Strip away today’s headlines — a live UK pact, a record export quarter — and a structural question remains. Trade agreements open doors; they do not, by themselves, make a product cheaper to build. India’s durable prize is manufacturing competitiveness: the ability to make goods at world price and quality, at scale, from Indian soil. Market access is the invitation; competitiveness is what lets a firm walk through the door and win the order.
The levers are unglamorous and well understood. Logistics costs that still run higher than in rival economies; power reliability and price; the time and paperwork to clear a container; the depth of a local components base so a factory is not hostage to imported parts. Each shaves or adds a few percentage points to landed cost — and in export markets, a few points is the difference between a signed order and a lost one to Vietnam or the wider ASEAN bloc.
A trade deal changes the price at the border. Competitiveness changes the price at the factory gate — and that is the number that ultimately wins the order.

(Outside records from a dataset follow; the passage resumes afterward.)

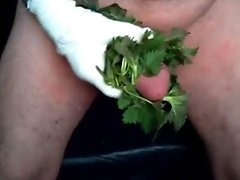 Painful stinging nettle
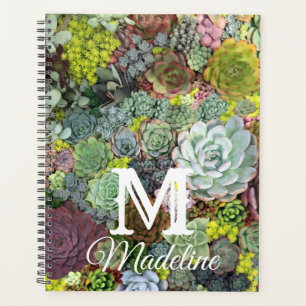 Agenda Greenery Succulents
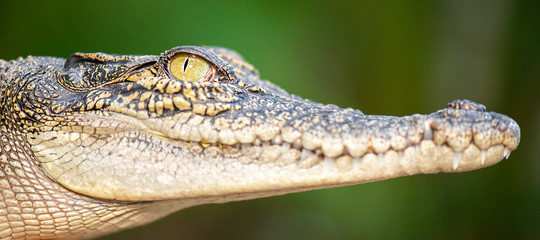 The saltwater crocodile is a crocodilian native to saltwater habitats and brackish wetlands from India's east coast across Southeast Asia and the Sundaic region to northern Australia and Micronesia.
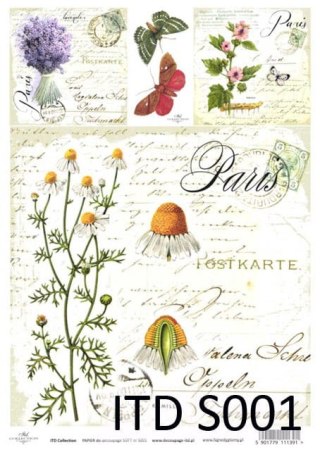 ITD Papier soft A4 ITDS001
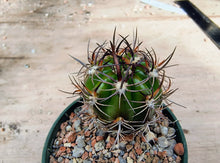 Lobivia caineana R197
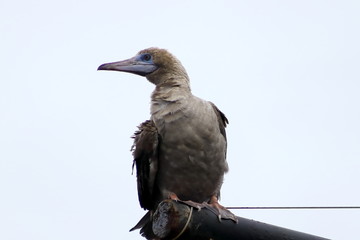 Young Red-footed Booby (Sula sula) bird sitting on the ship mast on sky background. Marine bird in natural habitat. North Pacific ocean.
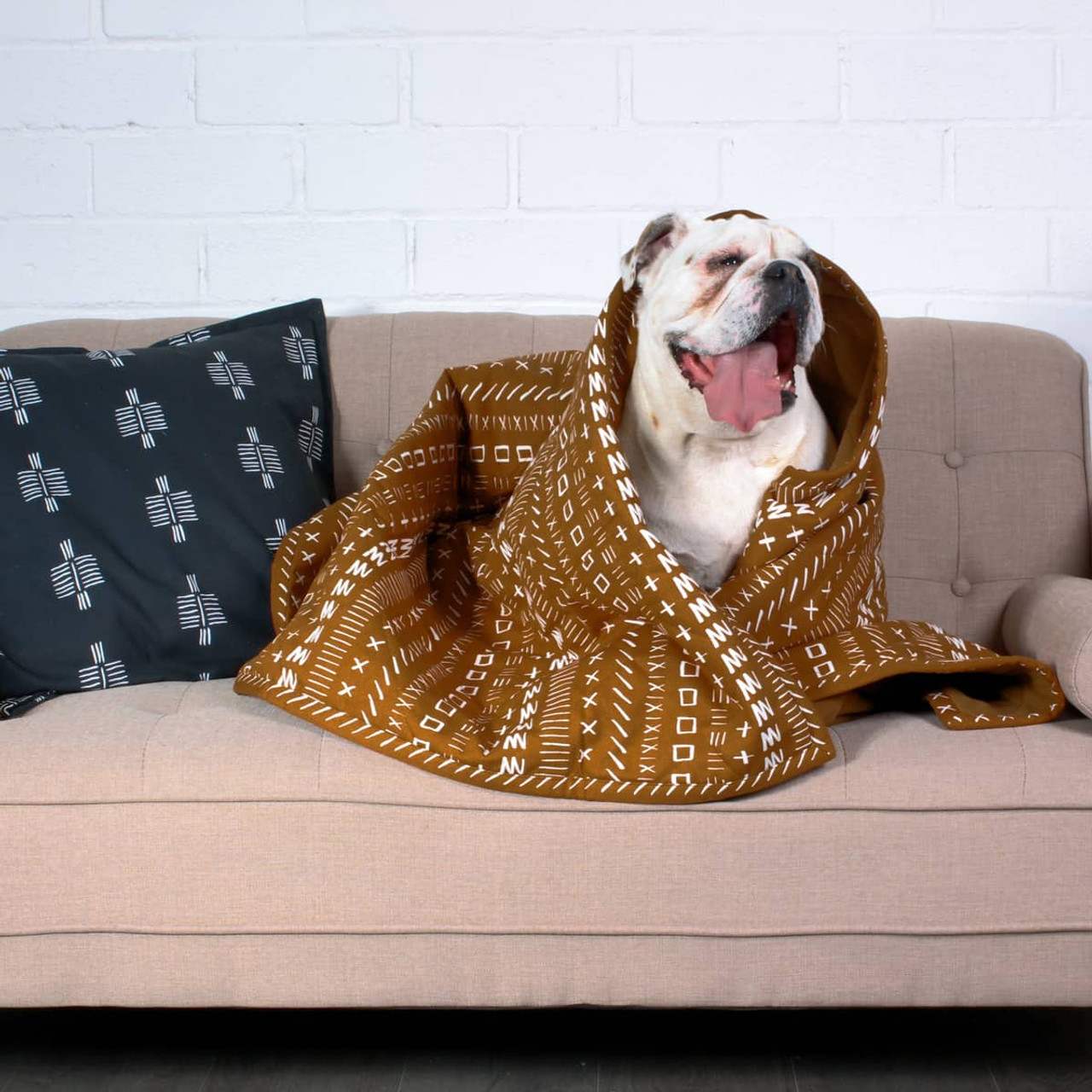 Fur-Baby Favorites You'll Both Love cover photo collage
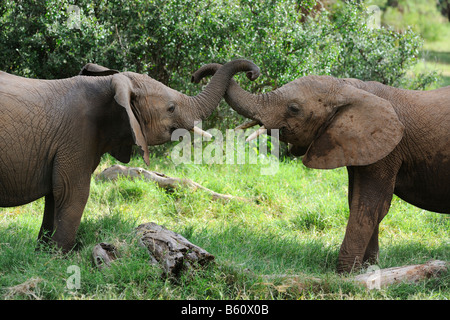 Afrikanischer Bush Elefant (Loxodonta Africana), zwei Kälber, spielen, Samburu National Reserve, Kenia, Afrika Stockfoto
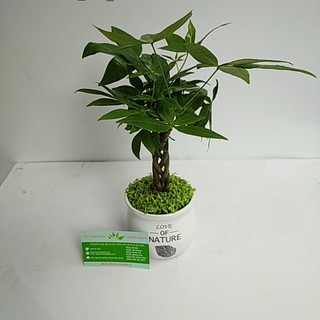 Cây Kim Ngân Xoắn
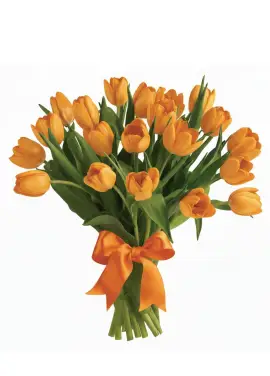 Bouquet of 25 orange tulips (imported, Netherlands)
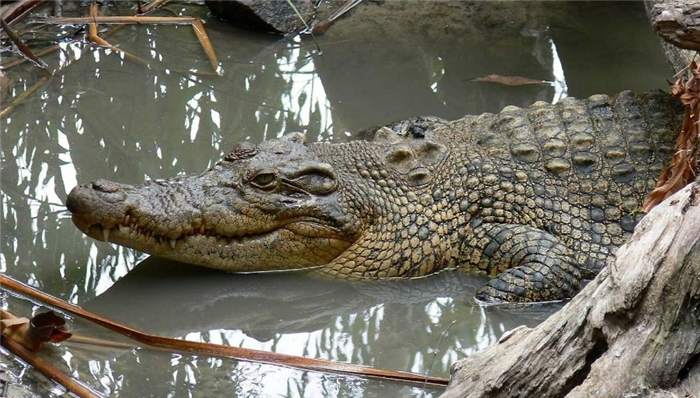 krokodil-i-kajman-otlichie-i-raznitsa-opisanie-foto-grebnistyj-krokodil-samka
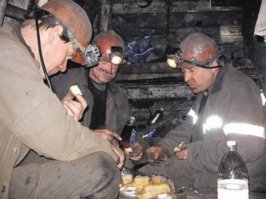 Попай — спасённая собака, чей Instagram сделал её звездой интернета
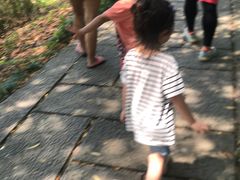 -长兴太湖图影湿地文化园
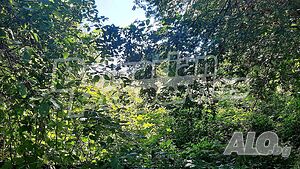 image_6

The honest account names the gaps: capital still costs more than in competitor economies, land and labour rules can slow scale-up, and too much output sits with sub-scale units that cannot meet a large export order on time. These are hard, structural problems — but they are precisely the ones that recent reform and external finance, including a fresh multilateral loan aimed at private-sector expansion, are designed to attack.
The constructive, long-view read is that competitiveness compounds. Every rupee shaved from logistics, every hour cut from customs, every component localised makes the next export order easier to win and the one after that — and turns a good trade quarter into a durable manufacturing base. The deals grab the headlines; the factory-gate cost is where India’s export decade will actually be decided.